Your objective
Write out the lines below exactly, beginning at the one with "紅葉見頃な宮島紅葉谷公園と厳島神社 109229468" and stopping after the one with "MontesMontes170's profile picture."; the pictures are not copied.

*** Opening Study material ***

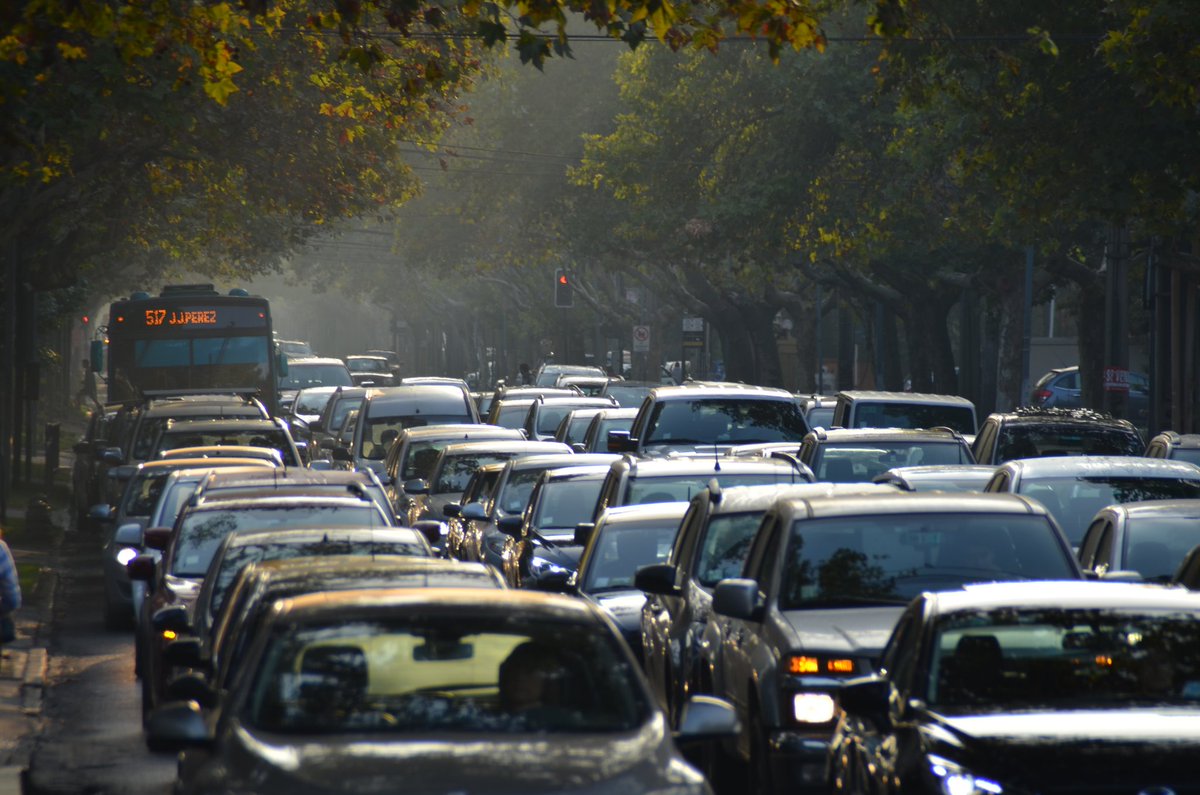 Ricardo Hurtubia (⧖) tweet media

*** Closing Study material ***
*** Opening Study material ***

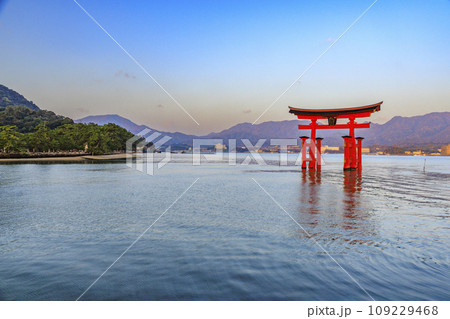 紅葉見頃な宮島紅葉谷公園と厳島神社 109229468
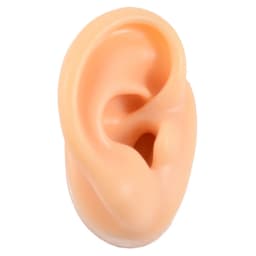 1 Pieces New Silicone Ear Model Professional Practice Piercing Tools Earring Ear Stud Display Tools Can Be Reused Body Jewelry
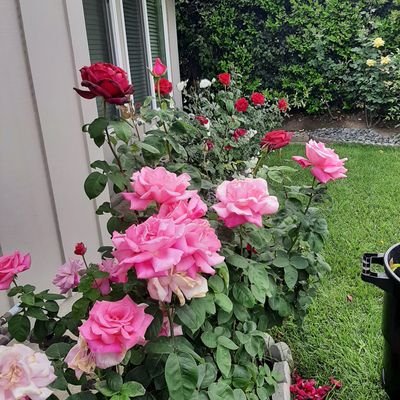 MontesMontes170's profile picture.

*** Closing Study material ***

The answer
 紅葉見頃な宮島紅葉谷公園と厳島神社 109229468
 1 Pieces New Silicone Ear Model Professional Practice Piercing Tools Earring Ear Stud Display Tools Can Be Reused Body Jewelry
 MontesMontes170's profile picture.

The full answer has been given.